# how do you clean out mealworms?



## monkeygirl (Mar 4, 2007)

im trying to bree mealworms and my remaining mealworms STINK!!!! how do i clean them out...can i wash them and dry them on some paper towl or is that just stupid?


----------



## CT1974 (Mar 29, 2007)

I think it might be the substrate they are living in which smells more than they do - it's bound to whiff after a while.
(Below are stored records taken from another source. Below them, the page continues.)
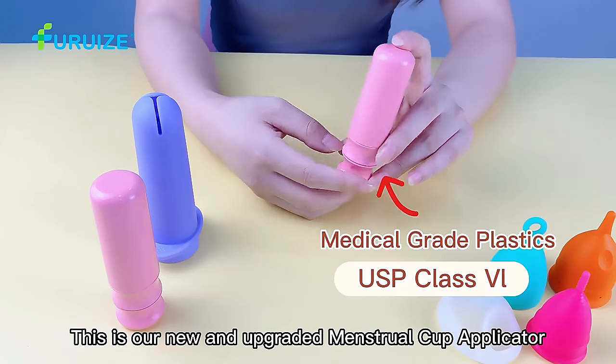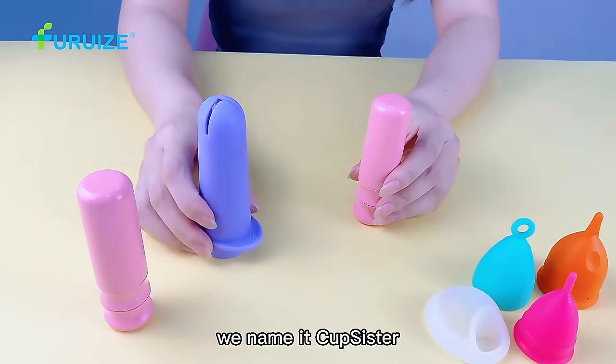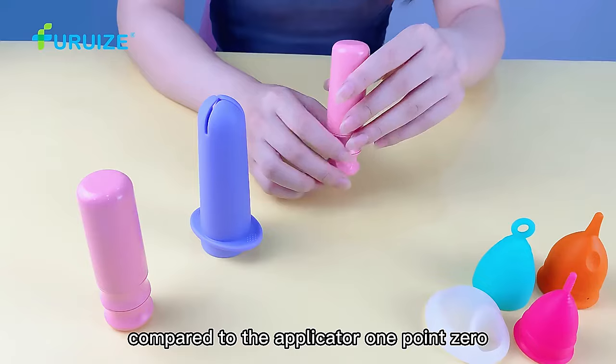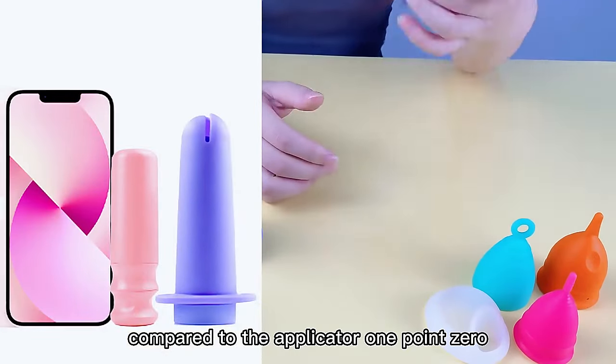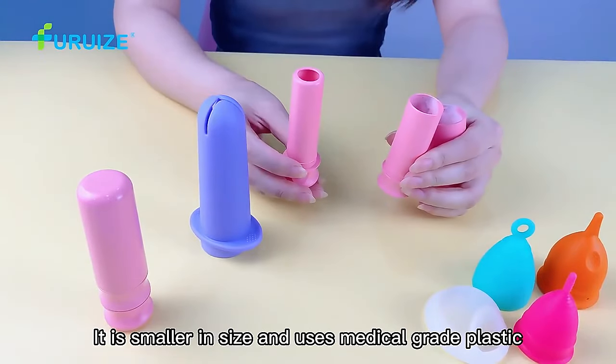This is our new and upgraded menstrual cup applicator, we name it Cup Sister. Compared to the applicator 1.0, it is smaller in size and uses medical grade plastic.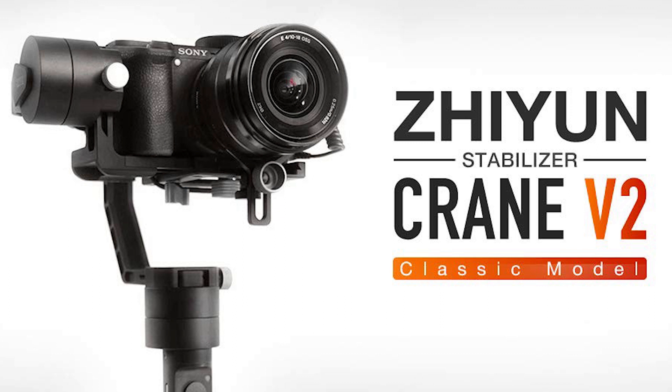Hi guys, Jamie Francis here, just testing out a brand new — brand new to me — I don't even know how to pronounce it. Is it the Zayun crane? I have a manual lens on too, so I don't know if I had this properly balanced or anything, but it's pretty sick. I'm actually pretty impressed so far. Pretty easy to set up — just had to manually balance it.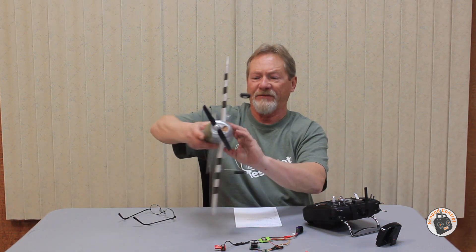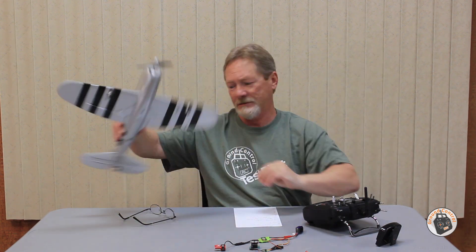Thanks for watching and I will see you in the air.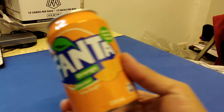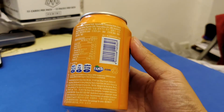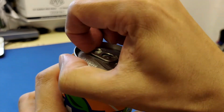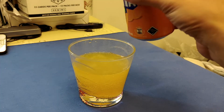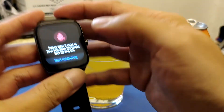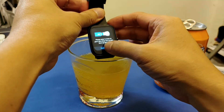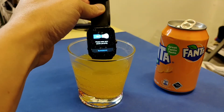I'm going to bring out a soft drink — I've pulled out a Fanta, which is one of my favorites, and it's low sugar. Let's open the Fanta and pour it into a glass of water. You can see a lot of carbon dioxide there — a carbonated drink with a lot of sparkles. Now let's try the smartwatch on it.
Just put them in a new container with new bran etc and they should smell of nothing again before you know it!


----------



## monkeygirl (Mar 4, 2007)

ok, its just thge worms have the stuff stuck to them too as its seemed to of got a bit damp. can i wash the worms or will that kill them?


----------



## CT1974 (Mar 29, 2007)

I'm not sure washing them is the best idea - the other day I thought I'd try and get the vit powder to stick better by wetting the mealies a bit first, and they died very quickly!!!!!!!!!!!

Maybe the stuff that is stuck to them will come off if they are in new bran and when they shed next time??


----------



## darkdan99 (Dec 28, 2006)

sive them!

You can rinse them under running warm (baby warm) water, but remember to dry them with kitchen towl after. 

The "substrate" is 9 times out of 10 a sand like thing, that binds easily when wet. 

This in fact is mealworm POO:

Dan


----------



## monkeygirl (Mar 4, 2007)

mmmm, lovely, ok, i need to go buy a sieve now and that will be my mission later today


----------



## Evolution (May 22, 2007)

you can sieve them out of the sustrate, the poo will fall through.


----------



## DeanThorpe (Apr 9, 2006)

lol....
OR
just get a sheet of newspaper and tip contents onto it.
put new substrate in a container.
pick worms out of bundle and put in the new container with the clean substrate in.
there shouldnt be anything stuck to the worms themselves... if so then u have it way too damp... what are u doin to wet the substrate so much?


----------



## monkeygirl (Mar 4, 2007)

i havent done anything to wet it, it just got condensation on the sides alot, i dont know why, i wipe it off but it always come back and i dont put the lid on the box i just rest it on top so i dont know why that happens


----------



## DeanThorpe (Apr 9, 2006)

ah ok, what do u use as substrate? it might be that whatever u put in there for moisture is in direct contact with the substrate and is a little bit juicy...dont use cucumber or tomatoes for this reason.


----------



## monkeygirl (Mar 4, 2007)

i use bug grub for substrate and i give them bits of carrot, potato and sometimes pepper


----------



## DeanThorpe (Apr 9, 2006)

hmm ok.. i dunno then, maybe smaller pieces of veg at once..what they will get through in half a day for instance.
or place it on a bit of paper in the tub instead of directly on the bug grub.

Good luck.


----------



## monkeygirl (Mar 4, 2007)

cool, ill try that.


----------



## CT1974 (Mar 29, 2007)

I put my little bits of veg on the lids of the tubs that waxworms come in and place it in the corner - seems to stop the substrate getting damp, and makes it easier to remove the old stuff each day.


----------